WORK REQUIRED
Restate each record exactly as it was written.
DATA FOR PROCESSING below:
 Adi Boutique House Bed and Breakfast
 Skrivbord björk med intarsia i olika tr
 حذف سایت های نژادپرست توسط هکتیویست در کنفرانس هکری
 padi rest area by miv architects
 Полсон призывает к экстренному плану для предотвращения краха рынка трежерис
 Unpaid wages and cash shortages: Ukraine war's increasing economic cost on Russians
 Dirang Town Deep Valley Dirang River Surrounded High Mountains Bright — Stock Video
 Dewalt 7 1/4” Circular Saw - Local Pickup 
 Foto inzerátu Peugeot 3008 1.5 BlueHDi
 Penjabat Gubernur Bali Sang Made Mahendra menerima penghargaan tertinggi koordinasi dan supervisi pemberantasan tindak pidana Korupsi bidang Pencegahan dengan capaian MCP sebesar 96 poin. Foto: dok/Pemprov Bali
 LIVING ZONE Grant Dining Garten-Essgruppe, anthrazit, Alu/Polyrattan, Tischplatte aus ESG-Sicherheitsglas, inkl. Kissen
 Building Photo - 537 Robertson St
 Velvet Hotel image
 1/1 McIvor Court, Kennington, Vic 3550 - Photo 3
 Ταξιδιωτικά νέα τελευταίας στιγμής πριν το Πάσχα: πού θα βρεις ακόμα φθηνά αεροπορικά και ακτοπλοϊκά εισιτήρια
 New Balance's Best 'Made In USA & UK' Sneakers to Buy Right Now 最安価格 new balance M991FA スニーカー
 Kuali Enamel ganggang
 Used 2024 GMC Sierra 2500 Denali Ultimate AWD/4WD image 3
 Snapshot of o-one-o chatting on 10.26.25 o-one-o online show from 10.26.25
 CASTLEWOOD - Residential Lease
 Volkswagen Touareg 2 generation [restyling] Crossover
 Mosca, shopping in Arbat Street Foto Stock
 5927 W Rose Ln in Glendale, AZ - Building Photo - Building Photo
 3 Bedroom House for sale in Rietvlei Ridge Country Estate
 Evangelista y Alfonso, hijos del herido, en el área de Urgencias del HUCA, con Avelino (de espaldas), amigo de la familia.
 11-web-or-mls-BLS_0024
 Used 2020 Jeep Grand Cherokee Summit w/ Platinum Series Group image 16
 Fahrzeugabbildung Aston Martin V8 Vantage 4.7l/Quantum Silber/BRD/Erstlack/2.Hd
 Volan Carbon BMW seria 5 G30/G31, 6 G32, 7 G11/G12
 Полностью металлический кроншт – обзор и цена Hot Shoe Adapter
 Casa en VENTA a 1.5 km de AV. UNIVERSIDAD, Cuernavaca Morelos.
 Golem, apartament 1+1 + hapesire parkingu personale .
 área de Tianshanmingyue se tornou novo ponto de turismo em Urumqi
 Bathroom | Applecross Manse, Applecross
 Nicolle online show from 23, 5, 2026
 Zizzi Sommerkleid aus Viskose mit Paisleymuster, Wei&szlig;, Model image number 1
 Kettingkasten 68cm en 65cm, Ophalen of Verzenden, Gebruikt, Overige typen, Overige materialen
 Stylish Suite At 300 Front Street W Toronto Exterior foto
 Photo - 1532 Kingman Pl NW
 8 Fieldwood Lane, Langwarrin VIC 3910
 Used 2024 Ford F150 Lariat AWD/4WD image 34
End of DATA FOR PROCESSING.
RESULT BELOW
 Adi Boutique House Bed and Breakfast
 Skrivbord björk med intarsia i olika tr
 حذف سایت های نژادپرست توسط هکتیویست در کنفرانس هکری
 padi rest area by miv architects
 Полсон призывает к экстренному плану для предотвращения краха рынка трежерис
 Unpaid wages and cash shortages: Ukraine war's increasing economic cost on Russians
 Dirang Town Deep Valley Dirang River Surrounded High Mountains Bright — Stock Video
 Dewalt 7 1/4” Circular Saw - Local Pickup 
 Foto inzerátu Peugeot 3008 1.5 BlueHDi
 Penjabat Gubernur Bali Sang Made Mahendra menerima penghargaan tertinggi koordinasi dan supervisi pemberantasan tindak pidana Korupsi bidang Pencegahan dengan capaian MCP sebesar 96 poin. Foto: dok/Pemprov Bali
 LIVING ZONE Grant Dining Garten-Essgruppe, anthrazit, Alu/Polyrattan, Tischplatte aus ESG-Sicherheitsglas, inkl. Kissen
 Building Photo - 537 Robertson St
 Velvet Hotel image
 1/1 McIvor Court, Kennington, Vic 3550 - Photo 3
 Ταξιδιωτικά νέα τελευταίας στιγμής πριν το Πάσχα: πού θα βρεις ακόμα φθηνά αεροπορικά και ακτοπλοϊκά εισιτήρια
 New Balance's Best 'Made In USA & UK' Sneakers to Buy Right Now 最安価格 new balance M991FA スニーカー
 Kuali Enamel ganggang
 Used 2024 GMC Sierra 2500 Denali Ultimate AWD/4WD image 3
 Snapshot of o-one-o chatting on 10.26.25 o-one-o online show from 10.26.25
 CASTLEWOOD - Residential Lease
 Volkswagen Touareg 2 generation [restyling] Crossover
 Mosca, shopping in Arbat Street Foto Stock
 5927 W Rose Ln in Glendale, AZ - Building Photo - Building Photo
 3 Bedroom House for sale in Rietvlei Ridge Country Estate
 Evangelista y Alfonso, hijos del herido, en el área de Urgencias del HUCA, con Avelino (de espaldas), amigo de la familia.
 11-web-or-mls-BLS_0024
 Used 2020 Jeep Grand Cherokee Summit w/ Platinum Series Group image 16
 Fahrzeugabbildung Aston Martin V8 Vantage 4.7l/Quantum Silber/BRD/Erstlack/2.Hd
 Volan Carbon BMW seria 5 G30/G31, 6 G32, 7 G11/G12
 Полностью металлический кроншт – обзор и цена Hot Shoe Adapter
 Casa en VENTA a 1.5 km de AV. UNIVERSIDAD, Cuernavaca Morelos.
 Golem, apartament 1+1 + hapesire parkingu personale .
 área de Tianshanmingyue se tornou novo ponto de turismo em Urumqi
 Bathroom | Applecross Manse, Applecross
 Nicolle online show from 23, 5, 2026
 Zizzi Sommerkleid aus Viskose mit Paisleymuster, Wei&szlig;, Model image number 1
 Kettingkasten 68cm en 65cm, Ophalen of Verzenden, Gebruikt, Overige typen, Overige materialen
 Stylish Suite At 300 Front Street W Toronto Exterior foto
 Photo - 1532 Kingman Pl NW
 8 Fieldwood Lane, Langwarrin VIC 3910
 Used 2024 Ford F150 Lariat AWD/4WD image 34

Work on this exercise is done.